6 Frightening Frozen Foods

For those watching their waistlines and their wallets, frozen versions of popular restaurant foods are tempting solutions. But think twice before replacing your favorite take-out with its frigid counterpart--the swaps aren't always so diet friendly. Here, a look at the frozen foods that don't do your body good.

Breakfast Sandwiches. Popping it into the microwave instead of picking it up from a fast food restaurant drive-through doesn't make a breakfast sandwich a healthy way to start your day. Be especially wary of the kinds that use French toast as bread. One Aunt Jemima brand Sausage and Egg on French Toast sandwich weighs in with 20 grams of fat, 8 of which are saturated. Translation? Not quite the breakfast of champions.

Mac 'n' Cheese. Whether it's homemade or from a grocery store, mac and cheese is the ultimate comfort food. But this ooey, gooey goodness doesn't come without a price, especially if it's of the frozen variety. One 10-ounce portion of Stouffer's macaroni and cheese serves up 350 calories, 17 grams of fat, and a whopping 920 milligrams of sodium--double those numbers if you decide to eat the whole box.

Sundae Cones. A pre-packaged bar or cone might seem slightly less dangerous than a never ending carton of ice cream. After all, if you're limited to just one portion, how much damage can you really do? More than you might think. These all-inclusive cones are often loaded with fudge, caramel, and nuts, packing in more calories than two servings of some kinds of regular ice cream. One Nestlé Vanilla Caramel Drumstick contains 440 calories, 19 grams of fat, and 40 grams of sugar, your entire recommended daily allowance (RDA), according to the U.S. Department of Agriculture (USDA).

Pizza. Greasy, fatty pizza is already known to destroy diets, and those of the frozen variety don't help its reputation. Loaded with sodium and an abundance of fat-laden meets and cheeses, their crusts are often so thick that the dough alone adds hundreds of calories per serving. Most of the 410 calories in one Stouffer's French Bread Cheese Pepperoni Pizza come from fat (20 grams). With 810 milligrams of sodium, this pizza doesn't skimp in that department either.

TV Dinners. More than 30 years after they were first introduced, TV dinners are still popular, perhaps due to their nostalgia factor. But proceed with caution. These tasty and convenient microwaveable meals may be brimming with sodium and fat, especially the ones that come in supersized versions. If getting 90 percent of your RDA of sodium in one sitting sounds tempting, try pairing your favorite sitcom with a Swanson Hungry-Man Fried Chicken dinner. With 2,160 milligrams of sodium in just one serving, watch out for rising blood pressure.

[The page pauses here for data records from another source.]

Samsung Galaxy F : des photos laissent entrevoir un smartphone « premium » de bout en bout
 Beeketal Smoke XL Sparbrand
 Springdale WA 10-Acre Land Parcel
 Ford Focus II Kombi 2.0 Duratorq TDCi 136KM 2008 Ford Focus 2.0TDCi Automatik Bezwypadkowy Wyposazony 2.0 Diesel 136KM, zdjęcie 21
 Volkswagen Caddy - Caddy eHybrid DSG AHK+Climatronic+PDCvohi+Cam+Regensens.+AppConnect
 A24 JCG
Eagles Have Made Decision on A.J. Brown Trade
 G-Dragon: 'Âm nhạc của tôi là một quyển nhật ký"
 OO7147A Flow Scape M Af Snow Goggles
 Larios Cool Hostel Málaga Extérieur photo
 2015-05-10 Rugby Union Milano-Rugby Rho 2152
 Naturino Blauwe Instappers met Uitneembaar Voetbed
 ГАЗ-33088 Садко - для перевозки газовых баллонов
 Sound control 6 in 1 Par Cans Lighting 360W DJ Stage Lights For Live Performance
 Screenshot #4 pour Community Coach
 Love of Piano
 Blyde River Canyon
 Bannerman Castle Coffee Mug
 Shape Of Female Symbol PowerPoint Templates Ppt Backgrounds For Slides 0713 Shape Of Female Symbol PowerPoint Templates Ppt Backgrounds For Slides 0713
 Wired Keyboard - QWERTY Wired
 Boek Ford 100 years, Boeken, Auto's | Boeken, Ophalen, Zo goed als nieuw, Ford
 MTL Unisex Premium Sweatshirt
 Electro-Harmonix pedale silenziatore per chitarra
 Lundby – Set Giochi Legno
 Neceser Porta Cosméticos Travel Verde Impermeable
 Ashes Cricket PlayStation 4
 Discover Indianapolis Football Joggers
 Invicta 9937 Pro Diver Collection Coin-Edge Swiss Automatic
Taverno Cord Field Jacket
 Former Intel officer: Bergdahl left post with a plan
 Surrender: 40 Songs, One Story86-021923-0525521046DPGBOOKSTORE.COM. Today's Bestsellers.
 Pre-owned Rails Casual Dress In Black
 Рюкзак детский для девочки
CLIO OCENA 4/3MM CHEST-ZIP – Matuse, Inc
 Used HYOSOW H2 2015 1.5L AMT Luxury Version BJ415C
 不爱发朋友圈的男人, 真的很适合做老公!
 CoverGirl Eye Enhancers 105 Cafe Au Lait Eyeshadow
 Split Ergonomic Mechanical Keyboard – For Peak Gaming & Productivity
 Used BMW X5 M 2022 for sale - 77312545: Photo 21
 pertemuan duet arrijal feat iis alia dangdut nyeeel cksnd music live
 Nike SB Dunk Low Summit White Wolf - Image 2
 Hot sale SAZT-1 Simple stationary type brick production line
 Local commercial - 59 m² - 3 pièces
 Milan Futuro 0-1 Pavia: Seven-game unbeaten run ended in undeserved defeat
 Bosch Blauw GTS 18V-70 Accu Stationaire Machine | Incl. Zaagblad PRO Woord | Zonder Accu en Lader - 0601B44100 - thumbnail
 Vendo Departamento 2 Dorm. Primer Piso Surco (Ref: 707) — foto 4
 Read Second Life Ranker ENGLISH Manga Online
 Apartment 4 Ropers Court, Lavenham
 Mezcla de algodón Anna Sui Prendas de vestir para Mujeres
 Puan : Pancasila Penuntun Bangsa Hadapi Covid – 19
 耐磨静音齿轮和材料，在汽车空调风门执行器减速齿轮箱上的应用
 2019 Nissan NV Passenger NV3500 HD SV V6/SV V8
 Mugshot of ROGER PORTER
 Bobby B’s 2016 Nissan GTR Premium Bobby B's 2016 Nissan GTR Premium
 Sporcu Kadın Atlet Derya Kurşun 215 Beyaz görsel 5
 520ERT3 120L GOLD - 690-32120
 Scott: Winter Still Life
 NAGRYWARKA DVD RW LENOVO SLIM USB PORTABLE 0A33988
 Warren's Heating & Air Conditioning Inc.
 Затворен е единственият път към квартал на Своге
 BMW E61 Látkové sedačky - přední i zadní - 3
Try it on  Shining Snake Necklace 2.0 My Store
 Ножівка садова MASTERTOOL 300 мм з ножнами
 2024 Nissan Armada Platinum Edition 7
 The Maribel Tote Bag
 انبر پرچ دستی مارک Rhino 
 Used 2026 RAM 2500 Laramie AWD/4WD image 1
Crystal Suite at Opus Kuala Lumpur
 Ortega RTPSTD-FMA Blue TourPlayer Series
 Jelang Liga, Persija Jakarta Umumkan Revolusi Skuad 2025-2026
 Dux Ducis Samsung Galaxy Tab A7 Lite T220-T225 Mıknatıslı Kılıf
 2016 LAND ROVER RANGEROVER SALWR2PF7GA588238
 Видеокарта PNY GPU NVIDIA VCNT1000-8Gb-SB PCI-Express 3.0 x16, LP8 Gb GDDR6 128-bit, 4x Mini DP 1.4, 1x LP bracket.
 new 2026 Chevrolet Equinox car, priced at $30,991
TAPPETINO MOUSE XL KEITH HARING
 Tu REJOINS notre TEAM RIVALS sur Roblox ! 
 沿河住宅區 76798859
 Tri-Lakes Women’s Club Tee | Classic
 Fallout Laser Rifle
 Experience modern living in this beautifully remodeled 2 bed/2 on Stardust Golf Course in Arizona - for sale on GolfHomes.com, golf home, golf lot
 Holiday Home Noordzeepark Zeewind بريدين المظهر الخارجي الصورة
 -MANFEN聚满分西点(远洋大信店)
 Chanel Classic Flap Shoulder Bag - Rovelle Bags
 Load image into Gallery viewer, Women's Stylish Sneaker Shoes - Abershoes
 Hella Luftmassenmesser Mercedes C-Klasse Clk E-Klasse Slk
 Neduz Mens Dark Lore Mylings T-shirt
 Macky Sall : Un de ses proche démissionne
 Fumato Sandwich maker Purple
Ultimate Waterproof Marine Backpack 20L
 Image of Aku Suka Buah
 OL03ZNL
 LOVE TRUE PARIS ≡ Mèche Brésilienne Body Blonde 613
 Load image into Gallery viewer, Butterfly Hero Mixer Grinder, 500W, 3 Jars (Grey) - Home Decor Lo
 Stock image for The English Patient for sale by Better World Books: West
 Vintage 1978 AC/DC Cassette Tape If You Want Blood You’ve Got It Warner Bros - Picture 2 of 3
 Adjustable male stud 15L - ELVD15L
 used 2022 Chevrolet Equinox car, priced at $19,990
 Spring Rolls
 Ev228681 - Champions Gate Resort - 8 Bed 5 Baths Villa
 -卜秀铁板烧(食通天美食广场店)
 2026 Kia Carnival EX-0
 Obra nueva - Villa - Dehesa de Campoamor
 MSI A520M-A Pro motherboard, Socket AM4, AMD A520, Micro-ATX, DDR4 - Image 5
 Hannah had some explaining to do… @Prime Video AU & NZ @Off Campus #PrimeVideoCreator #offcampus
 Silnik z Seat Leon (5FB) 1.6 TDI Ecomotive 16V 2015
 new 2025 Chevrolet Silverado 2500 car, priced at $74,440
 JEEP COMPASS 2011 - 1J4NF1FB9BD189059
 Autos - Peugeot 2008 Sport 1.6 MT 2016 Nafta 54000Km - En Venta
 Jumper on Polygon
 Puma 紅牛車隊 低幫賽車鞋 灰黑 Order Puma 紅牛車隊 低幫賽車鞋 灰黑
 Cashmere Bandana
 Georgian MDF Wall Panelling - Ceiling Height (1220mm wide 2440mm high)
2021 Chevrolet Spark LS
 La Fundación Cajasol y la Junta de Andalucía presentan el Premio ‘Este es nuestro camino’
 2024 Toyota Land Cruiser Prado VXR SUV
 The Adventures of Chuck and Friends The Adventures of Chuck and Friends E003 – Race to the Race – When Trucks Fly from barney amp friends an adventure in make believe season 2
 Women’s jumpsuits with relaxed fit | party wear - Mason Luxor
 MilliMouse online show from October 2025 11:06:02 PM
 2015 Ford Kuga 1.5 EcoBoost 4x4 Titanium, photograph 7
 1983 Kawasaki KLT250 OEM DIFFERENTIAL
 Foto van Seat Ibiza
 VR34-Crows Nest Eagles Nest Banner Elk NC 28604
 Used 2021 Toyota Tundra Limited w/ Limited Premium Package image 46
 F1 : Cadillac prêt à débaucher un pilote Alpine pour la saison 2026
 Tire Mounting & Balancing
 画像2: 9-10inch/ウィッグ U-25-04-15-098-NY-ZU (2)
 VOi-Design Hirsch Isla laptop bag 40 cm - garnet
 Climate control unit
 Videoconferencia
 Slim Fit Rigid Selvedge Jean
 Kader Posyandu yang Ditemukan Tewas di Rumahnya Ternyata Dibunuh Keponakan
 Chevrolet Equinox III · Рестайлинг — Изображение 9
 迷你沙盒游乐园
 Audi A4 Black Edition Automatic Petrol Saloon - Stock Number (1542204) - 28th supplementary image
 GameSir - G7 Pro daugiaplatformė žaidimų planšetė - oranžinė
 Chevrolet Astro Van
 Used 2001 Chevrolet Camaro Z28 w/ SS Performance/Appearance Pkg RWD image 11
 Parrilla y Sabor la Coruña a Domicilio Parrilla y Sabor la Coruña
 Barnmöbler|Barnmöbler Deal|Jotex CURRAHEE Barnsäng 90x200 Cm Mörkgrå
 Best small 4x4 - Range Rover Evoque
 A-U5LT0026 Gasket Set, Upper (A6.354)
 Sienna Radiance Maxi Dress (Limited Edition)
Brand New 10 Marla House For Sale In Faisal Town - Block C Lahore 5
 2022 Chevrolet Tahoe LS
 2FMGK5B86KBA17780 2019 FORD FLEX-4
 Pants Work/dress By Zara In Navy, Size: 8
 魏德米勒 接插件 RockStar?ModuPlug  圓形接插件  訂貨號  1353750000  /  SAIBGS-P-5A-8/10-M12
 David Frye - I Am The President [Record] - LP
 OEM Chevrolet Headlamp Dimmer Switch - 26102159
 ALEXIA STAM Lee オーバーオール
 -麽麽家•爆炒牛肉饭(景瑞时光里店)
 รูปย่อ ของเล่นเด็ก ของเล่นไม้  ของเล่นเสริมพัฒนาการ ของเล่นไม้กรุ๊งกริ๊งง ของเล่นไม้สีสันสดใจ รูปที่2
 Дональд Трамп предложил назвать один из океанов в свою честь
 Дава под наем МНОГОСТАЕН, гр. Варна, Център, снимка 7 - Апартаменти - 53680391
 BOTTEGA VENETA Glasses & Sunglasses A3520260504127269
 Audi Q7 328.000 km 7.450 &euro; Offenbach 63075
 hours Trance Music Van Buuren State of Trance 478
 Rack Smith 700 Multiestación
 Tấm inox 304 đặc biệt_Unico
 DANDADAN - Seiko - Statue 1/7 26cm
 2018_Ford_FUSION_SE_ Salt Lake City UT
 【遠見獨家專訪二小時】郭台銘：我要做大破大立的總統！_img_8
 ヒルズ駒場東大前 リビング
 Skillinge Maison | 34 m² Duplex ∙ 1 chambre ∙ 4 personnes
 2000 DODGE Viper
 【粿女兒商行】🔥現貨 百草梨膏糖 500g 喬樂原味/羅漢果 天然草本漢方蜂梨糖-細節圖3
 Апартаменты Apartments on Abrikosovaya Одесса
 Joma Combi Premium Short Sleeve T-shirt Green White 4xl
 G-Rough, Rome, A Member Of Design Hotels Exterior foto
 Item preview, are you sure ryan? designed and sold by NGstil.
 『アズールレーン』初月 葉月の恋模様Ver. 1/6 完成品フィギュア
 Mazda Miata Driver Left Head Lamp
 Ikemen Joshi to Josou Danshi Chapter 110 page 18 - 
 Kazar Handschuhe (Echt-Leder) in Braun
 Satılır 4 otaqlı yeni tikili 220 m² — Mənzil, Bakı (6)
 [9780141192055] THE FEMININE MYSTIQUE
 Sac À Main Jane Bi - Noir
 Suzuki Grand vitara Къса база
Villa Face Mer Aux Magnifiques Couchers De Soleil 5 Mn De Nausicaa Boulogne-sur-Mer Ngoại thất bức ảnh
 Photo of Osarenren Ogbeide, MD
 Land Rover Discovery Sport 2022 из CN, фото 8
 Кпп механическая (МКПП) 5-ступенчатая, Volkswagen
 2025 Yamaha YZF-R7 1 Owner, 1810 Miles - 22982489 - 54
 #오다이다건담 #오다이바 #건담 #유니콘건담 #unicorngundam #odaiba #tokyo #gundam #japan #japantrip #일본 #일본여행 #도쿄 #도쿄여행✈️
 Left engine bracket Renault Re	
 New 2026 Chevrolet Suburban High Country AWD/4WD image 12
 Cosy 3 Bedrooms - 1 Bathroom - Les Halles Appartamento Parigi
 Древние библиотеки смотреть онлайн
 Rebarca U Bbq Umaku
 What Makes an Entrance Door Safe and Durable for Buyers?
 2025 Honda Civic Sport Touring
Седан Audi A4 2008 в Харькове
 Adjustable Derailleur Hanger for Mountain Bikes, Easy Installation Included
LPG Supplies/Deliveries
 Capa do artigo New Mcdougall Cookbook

Breakfast Pastries. They're toasty, warm, and delicious, but breakfast pastries aren't as nice and sweet as they seem. The 200 calories and 10 grams of fat in just one little Pillsbury Strawberry and Cream Cheese Toaster Strudel could wreak havoc on your waistline--and send you into sugar shock as well.

This article is an eye opening for me; my husband likes frozen foods every once in a while, so we have few stocks of them in the freezer. I hardly eat frozen foods becuase I don't like the tatste of it, plus I grew up eating fresh foods and made from the scratch foods. So eating frozen foods doesn't have any appeal to me at all. To all of you out there who are trying to lose weight and have kids, this can help you decide if you really need these kind of foods or not.

2 comments:

Joops said...

I'm guilty to some of this especially pizza... Thanks for the visits!

Jhanna said...

OMG. I always eat those kinds of food. There's not a day when I don't eat even one of those 7 kinds. Well I'm thinking that if I eat them rather than the more nutritious food, I'd get fat easily. I really want to be a bit chubby asap 'coz I think it's SEXY! I know I'm pretty naive but oh well, pardon my immaturity :)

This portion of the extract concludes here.